La atención de la humanidad se centra hoy en la pandemia que se extiende al mundo entero dejando una estela de muertes, estructuras económicas en ruinas, planes de desarrollo en entredicho, desempleo, zozobra y miedo ante un futuro incierto. En esta situación, la lucha contra el coronavirus, fenómeno inédito si cabe, los Estados renuentes a modelos conducentes a mecanismos de control de la población se encuentran frente a una situación en la que la que la perspectiva sanitaria se interconecta estrechamente a la perspectiva económica.
La vertiente sanitaria del dilema en tanto no se encuentre una vacuna contra el coronavirus solo tiene una salida: el confinamiento de la población para evitar la transmisión del mal. Cuanto más completo y prolongado ese confinamiento, más posibilidades hay de que el virus sea aislado en poco tiempo, pero aquel tiene una implicación económica evidente: el colapso de la producción. En el mundo global de hoy este efecto se reproduce escalonadamente en los países que adoptan la estrategia del confinamiento.
La crisis económica a la que está abocado el mundo no es otra cosa que el efecto directo de la determinación de luchar contra el virus. La crisis prolongada conduce a la recesión y ésta a la depresión con los consiguientes efectos devastadores tanto en el consumo como en la producción. En consecuencia, la única salida es hacer el máximo para evitar una recesión de consecuencias inimaginables, y la única manera de hacerlo es dejando atrás el principio de austeridad del gasto público que pregona la doctrina neoliberal.
Se puede confinar una población por un tiempo determinado pero no se puede congelar una economía y para evitar la hecatombe que produciría una avalancha de quiebras y despidos que ello ocasionaría, el Estado debe mantener un nivel suficiente de consumo para evitar la parálisis del sistema económico y morigerar la consiguiente crisis social que ella acarrea, particularmente en los países donde la mitad de su población económicamente activa vive al día.
El gobierno colombiano ha montado una estrategia que limita el desenvolvimiento económico y focaliza la ayuda en ciertos sectores vulnerables pero dado que sus recursos son insuficientes para hacer frente a la situación inédita que ha desencadenado la pandemia del coronavirus, se encuentra ante un dilema que tendrá repercusiones políticas. No solamente por lo que implica la gestión de la crisis económica en materia de apoyos a ciertos sectores y sacrificios a otros, sino por el manejo que se dé a la información y a la variable ideológica en el que es tan importante lo que se dice como lo que se calla.

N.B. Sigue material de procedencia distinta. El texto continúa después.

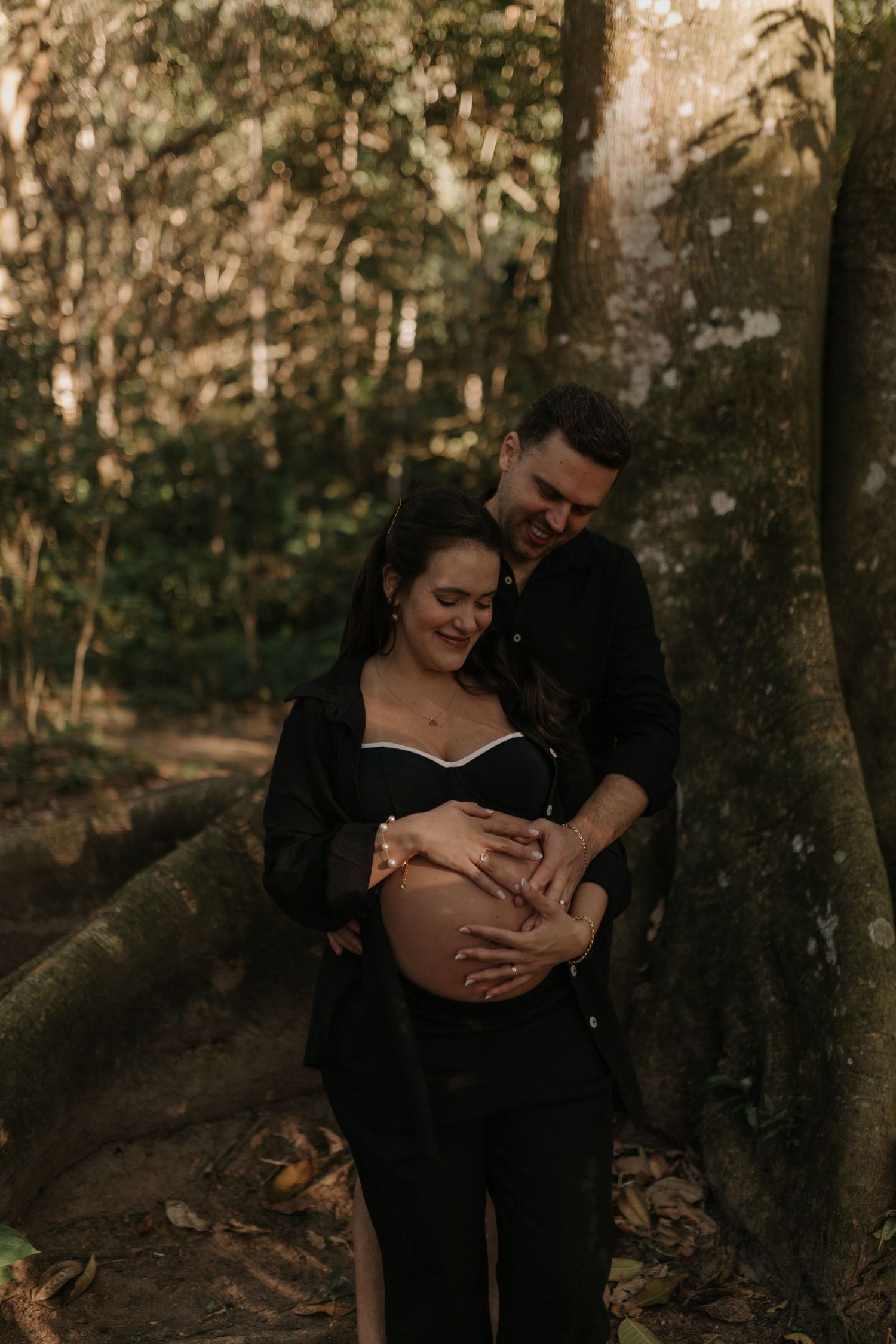 A couple shares tender moments in a wooded forest setting at dusk.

Llama la atención que en una situación en la que la búsqueda de consensos requiere la presencia tanto de los poderes públicos como de la sociedad, los supuestos representantes de esta última pierdan el tiempo discutiendo si la existencia de un Congreso que lleve a cabo reuniones virtuales es inconstitucional o no.

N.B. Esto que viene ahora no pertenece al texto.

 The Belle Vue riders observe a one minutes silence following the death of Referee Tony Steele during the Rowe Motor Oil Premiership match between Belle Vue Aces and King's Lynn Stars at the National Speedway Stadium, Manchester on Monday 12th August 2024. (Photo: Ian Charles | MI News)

Ciudadanos confinados en sus casas, un Gobierno con amplios poderes por el estado de excepción que vive el país, un sistema económico en peligro de quedar paralizado y un Congreso inactivo configuran un panorama que no se identifica con el ideal democrático de una sociedad liberal ni invita al optimismo liberado de las afugias de la simple supervivencia.
Ante tanta incertidumbre no es del todo insensato refugiarse en el “Amanecerá y veremos”.